Es war spannend bis zum Schluss, auch wenn der Favorit in der zweiten Halbzeit immer in Führung lag: Doch erst kurz vor dem Abpfiff hatte die MT Melsungen den Finaleinzug gegen die HBW Balingen-Weilstetten eingetütet. Das 31:27 spiegelt den knappen Spielverlauf zwischen David und Goliath wider.
Die MT Melsungen steht somit zum dritten Mal in einem DHB-Pokal-Finale – und in Köln sogar zum zweiten Mal in Folge. Im Endspiel des Lidl Final4 trifft das Team von Roberto Garcia Parrondo am Sonntag (15.35 Uhr, live bei Dyn und der ARD) auf den THW Kiel. Nach den Finalniederlagen 2021 gegen den TBV Lemgo Lippe und 2024 gegen den SC Magdeburg hoffen die Nordhessen nun auf ihren ersten Pokalsieg. Im Halbfinale am Samstag musste der Dritte der DAIKIN Handball-Bundesliga aber erheblichen Widerstand des wacker kämpfenden Zweitligisten HBW Balingen-Weilstetten brechen. Der Traum vom ersten Finaleinzug einer Zweitligamannschaft seit der HSG Dutenhofen/Münchholzhausen im Jahr 1997 blieb unerfüllt.

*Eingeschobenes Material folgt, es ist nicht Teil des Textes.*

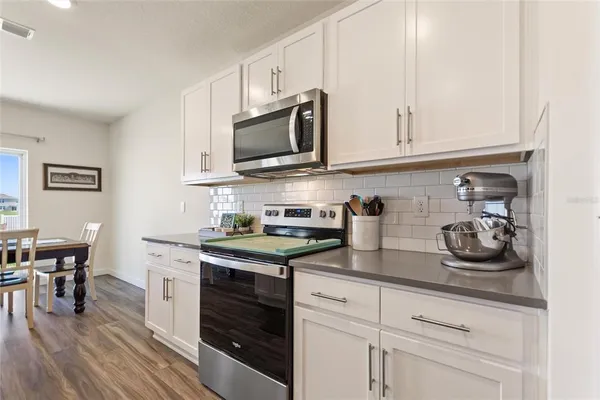 $2,700 | 421 Chayne Place, St. Cloud, FL 34771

Beste Werfer in einer intensiven Partie waren Eric Balenciaga (Melsungen) sowie das HBW-Duo Sascha Pfattheicher und Robert Timmermeister mit je sechs Treffern. Zudem überragten auf beiden Seiten die Torhüter: Balingens Mateusz Kornecki (zehn Paraden) und Nebojsa Simic (elf) bei der MT, die am Sonntag bereits zum fünften Mal in dieser Saison auf den THW trifft. In der DAIKIN HBL gewannen die Nordhessen beide Spiele, in der European League gab es ein Remis und eine Niederlage in Kiel. Die HBW Balingen-Weilstetten kämpft im Baden-Württemberg-Duell mit den Rhein-Neckar Löwen um den dritten Platz beim Lidl Final4 2025.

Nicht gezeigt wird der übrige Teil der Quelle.